On February 3, the WTO issued a document that many in Geneva call the “non-response” to over a year of growing questions from WTO member countries and others about the connection between the rules of the General Agreement on Trade in Services (GATS) on financial services and the global economic crisis. Indeed, this was the Secretariat’s first major study in nearly 12 years about the WTO’s financial service rules. This paper has been discussed in a hot debate on the IELP blog, and in a recent OECD-WTO study.
The new paper is a disappointment to anyone hoping for a convincing rebuttal to charges that the WTO’s General Agreement on Trade in Services (GATS) promotes financial services deregulation. The 76-page document includes a lengthy discursion on the GATS treatment of corporate branches versus subsidiaries, as well as a very defensive discussion of the causes of the crisis (bottomline, in their estimation: WTO rules are in no way implicated). The paper avoids altogether the question of WTO compatibility of the types of measures that member countries have implemented in response to the crisis.
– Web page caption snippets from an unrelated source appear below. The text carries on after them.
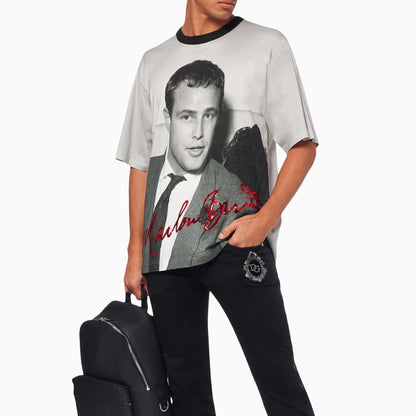 Dolce &amp; Gabbana Marlon Brando T Shirt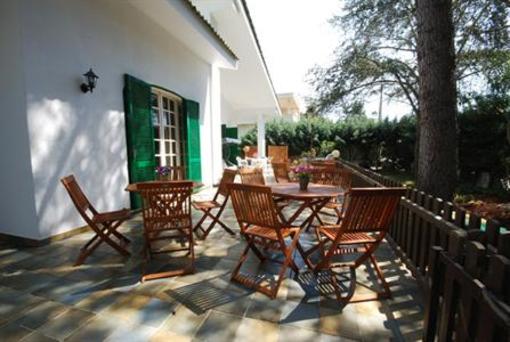 фото отеля Villa Quattro Pini B&B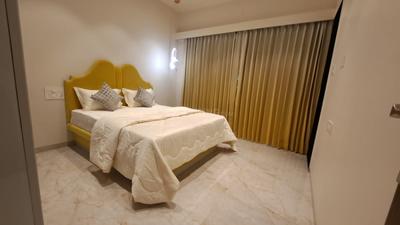 Bedroom Image of 1383 Sq.ft 3 BHK Apartment / Flat for sale in Stellar Symphony, Kiwale Pune for Rs. 12400000
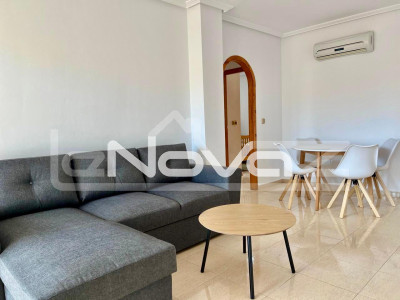 Gemütliche Wohnung für Liebhaber der Stille in Lomas de Cabo Roig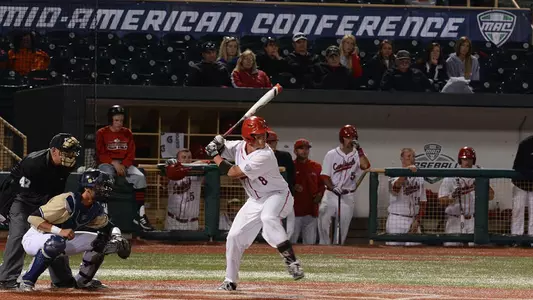 Baseball Suffers Loss in MAC Tournament Championship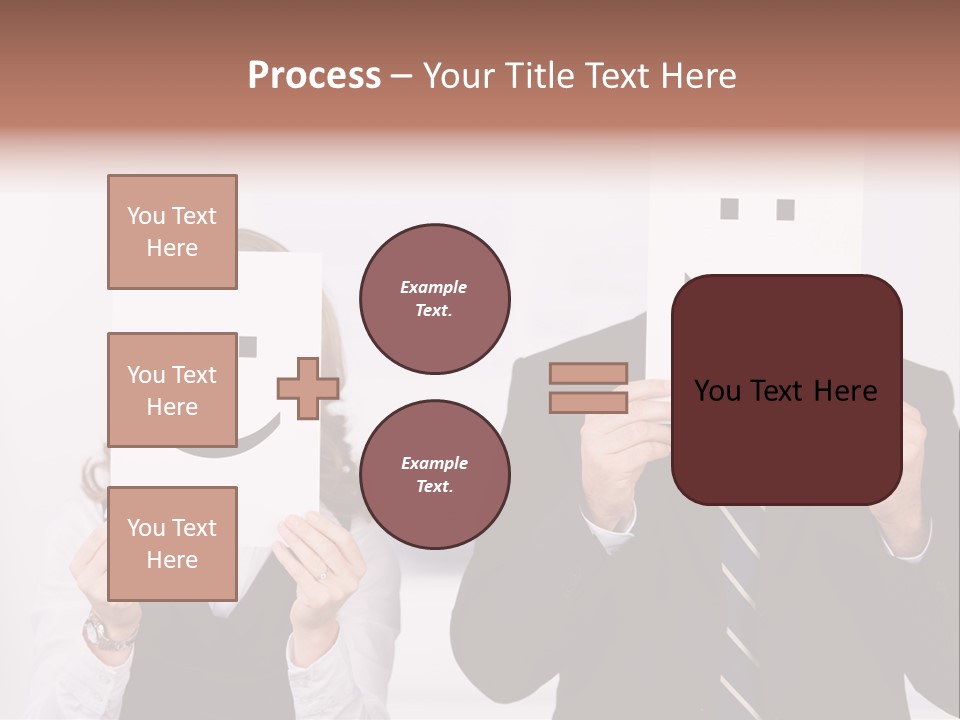Equipment System Heat PowerPoint Template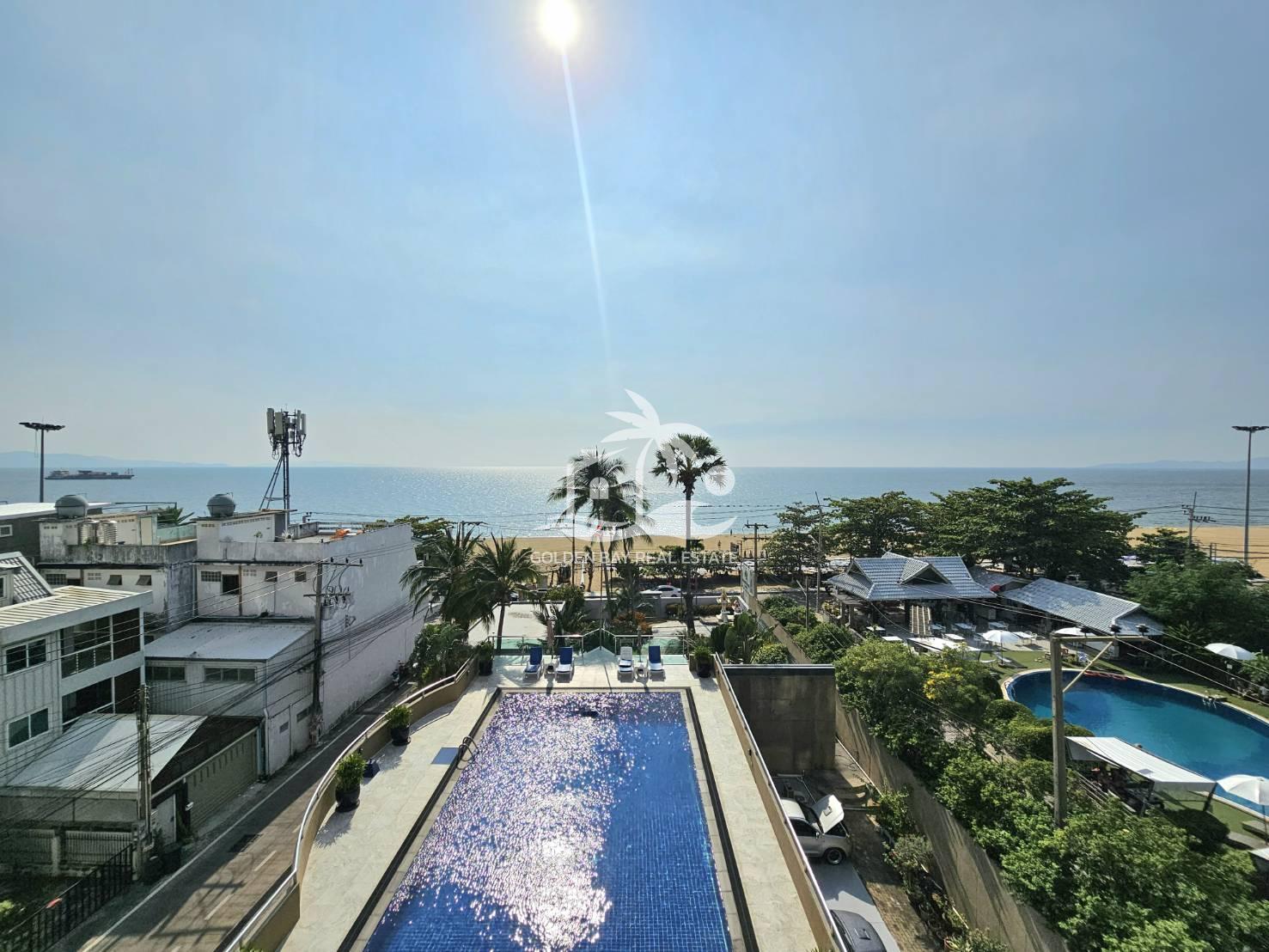 Coconut Beach – Jomtien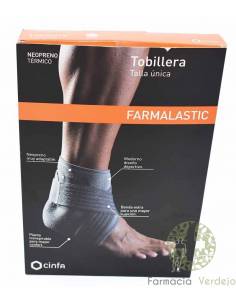 TORNOZELO DE NEOPRENE FARMALÁSTICO T-UNICA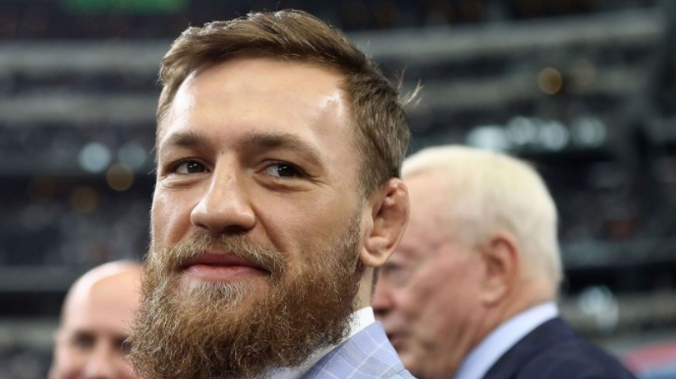 Экс-чемпион UFC Макгрегор получил роль в голливудском фильме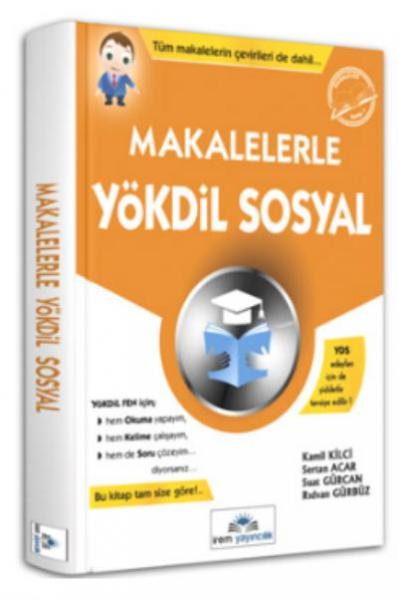 İrem Makalelerle YÖKDİL Sosyal Sertan Acar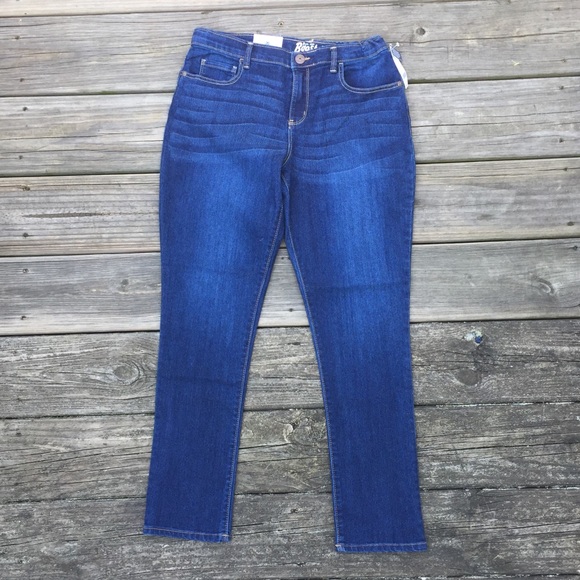 OshKosh B’Gosh Girls super skinny jeans sz 12P brand new with tags - Picture 2 of 10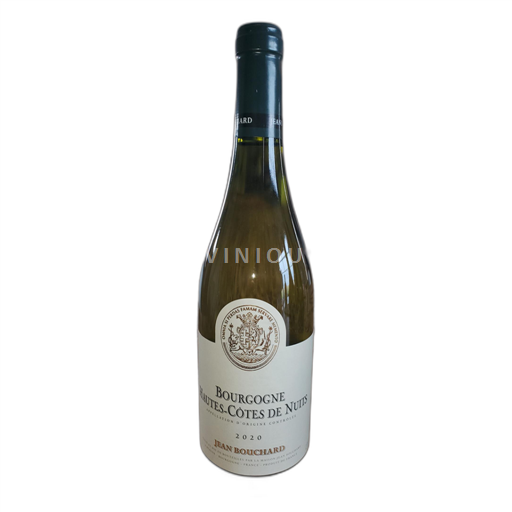 Burgundy Hautes Côtes de Nuits Jean Bouchard 2020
This is despite the formal demand via a paper tabled September 17, 2009 in the WTO’s Committee on Trade in Financial Services, and via subsequent requests at the General Council in December.
And, with respect to the question of how GATS rules promoted past financial deregulation and could conflict with reregulation, several points are especially worth highlighting:
1. The Secretariat does not rebut any of the main concerns about the GATS rules’ deregulatory requirements raised in recent years.
2. In fact, the Secretariat confirms many of these concerns.
3. When dealing with a controversial issue where there is no record of official interpretation at the WTO, the Secretariat cites only unofficial sources making “don’t worry, be happy” arguments rather than reviewing all of the international law review and other analyses, or offering an official interpretation.
Here’s a Top 13 list of claims the WTO’s defenders would have liked the Secretariat to make, but which it did not, because it cannot:
1. That GATS rules only require that foreign firms be treated like domestic firms, and that a WTO panel would never rule against a non-discriminatory domestic regulation.
2. That WTO panels have already established that countries are free to adopt non-discriminatory financial services regulations without risking GATS challenges.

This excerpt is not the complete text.